= Moses ben Mordecai Zacuto =

Dutch rabbi, Kabbalist, and poet

Moses ben Mordecai Zacuto (c. 1625 – 1 October 1697), also known by the Hebrew acronym RaMa"Z, was a rabbi, Kabbalist, and poet. Zacuto, who was born into a Portuguese Marrano family in Amsterdam, studied Jewish subjects under Saul Levi Morteira (an elegy on the latter's death by Zacuto was published by D. Kaufmann in REJ, 37 (1898), 115). He also studied secular subjects, such as the Latin language. As a pupil of Morteira, he may also have been, as a youth still in Amsterdam, a fellow student of Baruch Spinoza.

==Travels==
He was inclined to mysticism from his youth, and at one time fasted forty days that he might forget the Latin which he had learned, since, in his opinion, it could not be reconciled with kabbalistic truths. To continue his Talmudic studies he went from Amsterdam to Poland, as is clear from the letter of recommendation which he gave at Venice in 1672 to the delegates who had come to Italy to collect money for the oppressed Polish communities. It was his intention to make a pilgrimage to Palestine, but on the way he was persuaded to remain as rabbi in Venice, where he stayed, with the exception of a short residence in Padua, from 1645 until the summer of 1673. He was then called to Mantua at a fixed salary of 300 ducats, and remained there until his death, twenty-four years later. His epitaph is given by Wolf and Landshuth.

==Mystical pursuits==
Rabbi Zacuto applied himself with great diligence to the study of the Kabbalah under Ḥayyim Vital's pupil Benjamin ha-Levi, who had come to Italy from Safed; and this remained the chief occupation of his life. He established a seminary for the study of the Kabbalah, and his favorite pupils, Benjamin ha-Kohen and Abraham Rovigo, often visited him for months at a time at Venice or Mantua, to investigate kabalistic mysteries. He composed forty-seven liturgical poems, chiefly Kabbalistic, enumerated by Landshuth Some of them have been printed in the festal hymns Hen Kol Hadash, edited by Moses Ottolenghi (Amsterdam, 1712), and others have been incorporated in different prayer-books.

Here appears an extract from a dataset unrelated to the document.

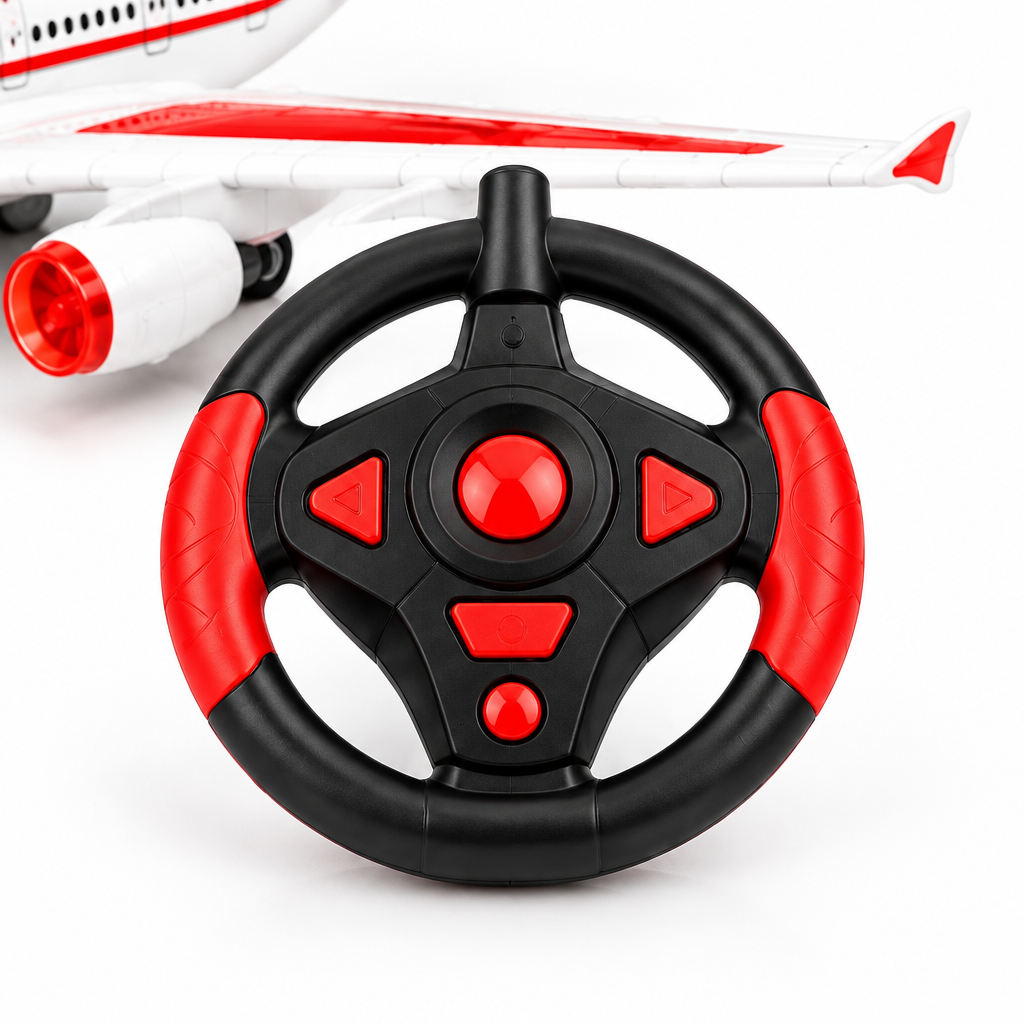 Close-up of the circular steering-wheel remote for the RC aeroplane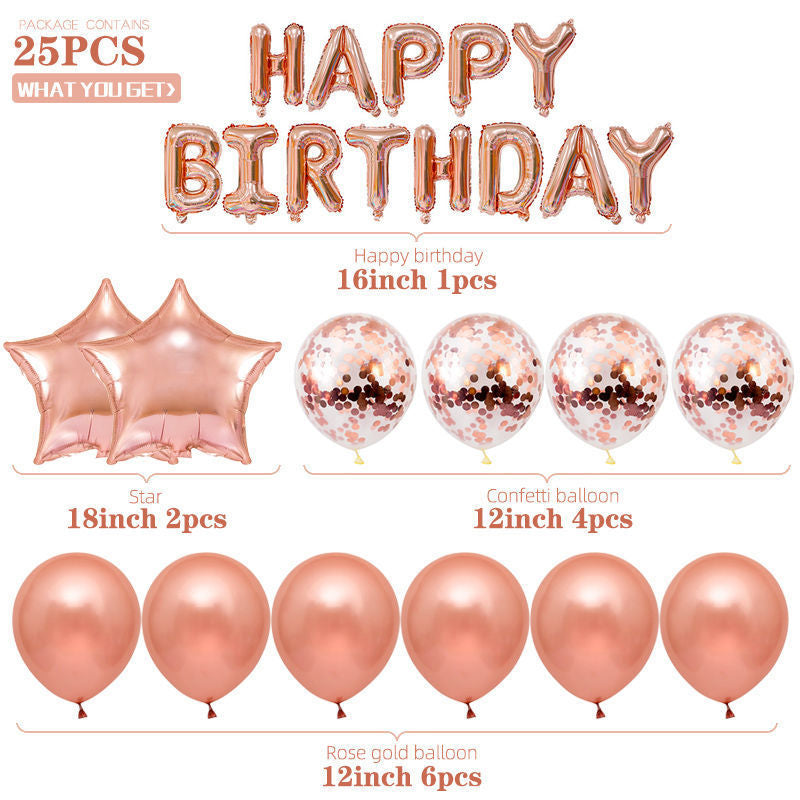 25pcs/set Happy Birthday Balloons Set Foil Letter Balloon Garland Bunting Banners Kids Birthday Party Babay Shower Decoration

He also wrote penitential poems (Tikkun Shovavim, Venice, 1712; Leghorn, 1740) for the service on the evening before Rosh Hodesh, as well as prayers for Hosha'na Rabbah and similar occasions, all in the spirit of the Kabbalah. He also authored a poem containing a thousand words, each beginning with the letter א, Elef Alpin; a long poem, Tofteh Arukh, or L'Inferno Figurato (Venice, 1715, 1744), in which he depicts the punishments of hell; and the oldest dramatic poem in the Hebrew language, which A. Berliner first edited under the title Yesod 'Olam (Berlin, 1874).

In his Shorshei Hashemot (Book of the Roots of the Names) he included long quotations of the Fez Kabbalist R' Isaiah Bakish (16-17th c.)

== Works ==
- Hen Kol Hadash (hymns), ed. Moses Ottolenghi (Amsterdam, 1712)
- Tikkun Shovavim (poems), Venice, 1712; Leghorn, 1740
- Shudda deDayyane, a guide for decisions on commercial law (Mantua, 1678; reprinted in Ha-Goren, iii. 181 et seq.)
- Ḳol haReMeZ (published posthumously), a commentary on the Mishnah (which he knew by heart), with elucidations of the commentaries of Bertinoro and others (Amsterdam, 1719)
- A collection of responsa with the decisions of contemporaries (Venice, 1760)
- Iggerot haReMeZ, containing letters of cabalistic content written by himself and others and his poem 'Elef Alpin' (Leghorn, 1780)
- Yesod Olam (Berlin, 1874)
- He edited and emended also the Zohar (Venice, 1663) and other writings. A considerable number of his works, such as a commentary on the Jerusalem Talmud, homilies, and cabalistic writings, are still unpublished as of 1906.
- Shorshei HaShemot (Book of the Roots of the Names), XVIIe Century (hebr.). Ed. Nehora, c. 2010.